Russian state-owned holding company

Joint-Stock Company Rosgeologia (Акционерное общество «Росгеология») is a Russian state-owned holding company, headquartered in Moscow, uniting state-owned geological exploration enterprises of the Russian Federation. It was established in 2011 and is included in the list of strategic enterprises.

==History==
In 2004, the corporatization of Tsentrgeologiya, which had previously been a Federal State Unitary Enterprise, was completed. Tsentrgeologiya was the successor to the Moscow Branch of the Geological Committee. The branch was established on October 19, 1918, by a special resolution of the Supreme Soviet of the National Economy. The official "Regulations on the Moscow Branch of the Geological Committee" were published on December 6, 1918. The branch became the first Territorial Geological Service in the RSFSR, whose responsibilities included: "Systematic geological exploration of the RSFSR's territories, identification of the Federation's subsoil resources, and their protection in accordance with the Government's assignments, plans, and directives to create a raw material base for the mining industry, to accelerate the compilation of a general geological map of the RSFSR, and to serve agriculture and the national economy as a whole in order to maximize the discovery of the RSFSR's mineral wealth for industrialization".

The Moscow Branch of the Geological Committee was headed by a three-person council, whose first chairman was mining engineer A. N. Ryabinin. The total staff at that time was 53. Initially, the branch focused primarily on geological surveying; in subsequent years, the company's activities expanded significantly.

The idea of creating a unified production structure based on state-owned geological enterprises was first voiced in March 2008. The Ministry of Natural Resources and Environment presented a concept for the industry's development, establishing a state corporation called "Geologorazvedka" (Geological Exploration) based on geological federal state unitary enterprises controlled by Federal Agency for Mineral Resources and the Federal Agency for State Property Management. At the same time, this issue was widely discussed at parliamentary hearings in the Federation Council on the topic "The State and Problems of Legislative Support for Geological Exploration of Subsoil in Russia".

The Ministry of Natural Resources and Environment of Russia announced plans to create "Rosgeologia" on October 2, 2009. The holding company was planned to include state-owned geological enterprises: foundations, research institutes, and geological exploration companies. Deputy Prime Minister Igor Sechin supported the idea and soon submitted the project to the Russian government for consideration.

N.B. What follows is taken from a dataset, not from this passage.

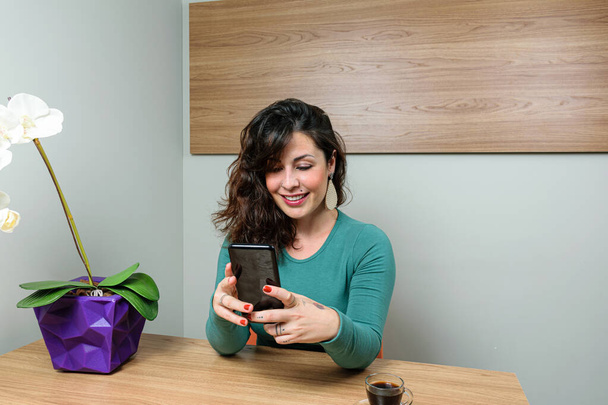Smiling, Brazilian woman, sitting and interacting with her smartphone. - Φωτογραφία, εικόνα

In 2010, the Russian government reviewed and approved the "Strategy for the Development of the Geological Industry in Russia until 2030", where the creation of Rosgeologia was designated as one of the stages of reforming the Russian geological industry. In July 2011, a Presidential Decree on the creation of Rosgeologia and a corresponding Order of the Government of Russia were issued.

The company was founded on July 15, 2011, by Decree of the President of Russia No. 957 "On the Open Joint-Stock Company Rosgeologia" by renaming PAO Tsentrgeologiya (Moscow). The renaming occurred on the basis of Order of the Government of Russia No. 1383-r of August 3, 2011, and Rosimushchestvo Order No. 1952-r of September 14, 2011.

The first General Director of Rosgeologia was Sergey Donskoy, who held this post until May 2012, when he was appointed Minister of Natural Resources and Environment of the Russian Federation.

From July 2013 to April 2019, Roman Panov served as the holding company's General Director. From April 2019 to April 2024, Sergey Nikolaevich Gorkov served as CEO.

In February 2014, at a meeting chaired by Russian Minister of Natural Resources and Environment Sergey Donskoy, a decision was made to establish a Coordination Center for the Study and Development of Unconventional Types and Sources of Hydrocarbon Raw Materials within Rosgeologia.

In October 2014, the government considered the possibility of transforming the holding company into a State Corporation and granting it additional powers in the face of the complicated international situation. This initiative was later approved by Vladimir Putin.